In many graveyards considerable unoccupied space might well be planted in buckwheat or some other small grain. If this is left uncut the quantity of nourishing food thus produced will bring together many kinds of grain-eating birds.
Berries and Fruits for Birds.—Many native shrubs and bushes grow berries that birds will come far to gather. Look over the following list which Frederick H. Kennard, of Massachusetts, has recommended, and see if you do not think many of them would be decorative additions to the cemetery. Surely some of them are equal in beauty to many of the shrubs usually planted, and they have the added value of furnishing birds with wholesome food. Here is a part of Mr. Kennard's list: shad-bush, gray, silky, and red osier, cornel, dangleberry, huckleberry, inkberry, black alder, bayberry, shining, smooth, and staghorn sumachs, large-flowering currant, thimbleberry, blackberry, elder, snowberry, dwarf bilberry, blueberry, black haw, hobblebush, and arrow-wood. In the way of fruit-bearing shade trees he recommends sugar maple, flowering dogwood, white and cockspur thorn, native red mulberry, tupelo, black cherry, choke cherry, and mountain ash. For the same purpose he especially recommends the planting of the following vines: Virginia creeper, bull-beaver, frost grape, and fox grape.
Such shrubs and vines are usually well stripped of their berries after the first heavy snowfall. That is the time to begin feeding the birds in earnest. The more food wisely placed where the birds can get it, the more birds you will surely have in the winter. Seeds and grain, with a judicious mixture of animal fat, form the best possible ration for the little feathered pilgrims. Rye, wheat, sunflower seeds, and cracked corn, mixed together in equal parts and accompanied by a liberal sprinkling of ground suet and beef scrap, make an excellent food for birds at this season. This should be placed on shelves attached to trees or buildings, or on oilcloth spread on the snow, or on the ground where the snow has been scraped away. On one occasion the writer attracted many birds by the simple method of providing them with finely pounded fresh beef bones. Furnishing birds with food in winter might well be made a pleasant and profitable duty of the children who attend Sunday-school in rural churches that have graveyards near.

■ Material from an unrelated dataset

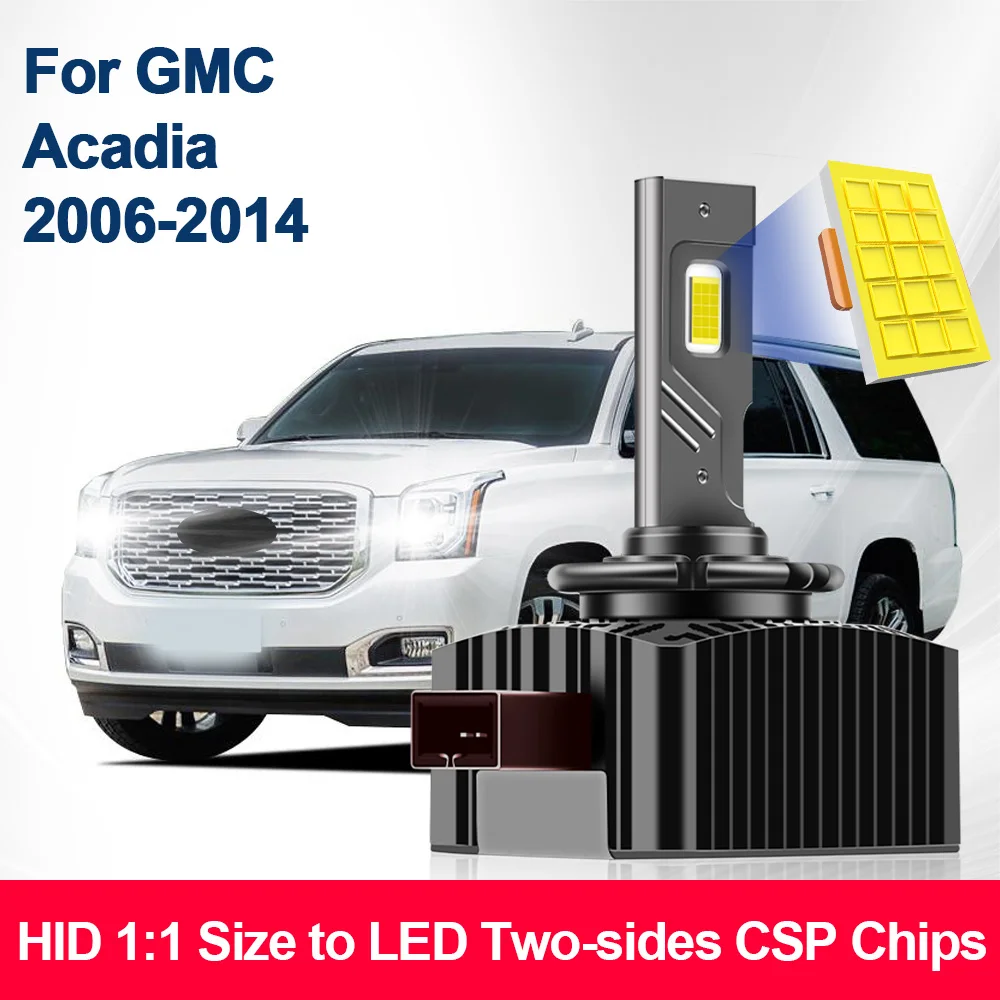 For GMC Acadia 2006-2014 LED Headlight LED HID 1:1 D1S Canbus Bulbs Turbo Car Lamp Auto Light Plug&Play 30000LM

Why should we not make a bird sanctuary of every city park and cemetery in America? Why leave these places to the Sparrows, the Grackles, and perhaps the Starlings, when Bluebirds and Thrushes are within hail, eager to come if the hand of invitation be extended?
CHAPTER XII
TEACHING BIRD STUDY
A little after six o'clock one July morning on the campus of the University of Tennessee, I stood near the centre of a semi-circle of twenty-five school teachers whose expressions indicated a high state of excitement, and whose fifty eyes were riveted on a scene of slaughter but a few feet from them. For five minutes we had scarcely moved. During this time the lives of thirty-two specimens of animal life had been blotted out. The perpetrator of this holocaust was a creature known to scientists as Spizella socialis—called by ordinary people Chipping Sparrow. Its victims were small insects which but a moment before were disporting themselves on the grass.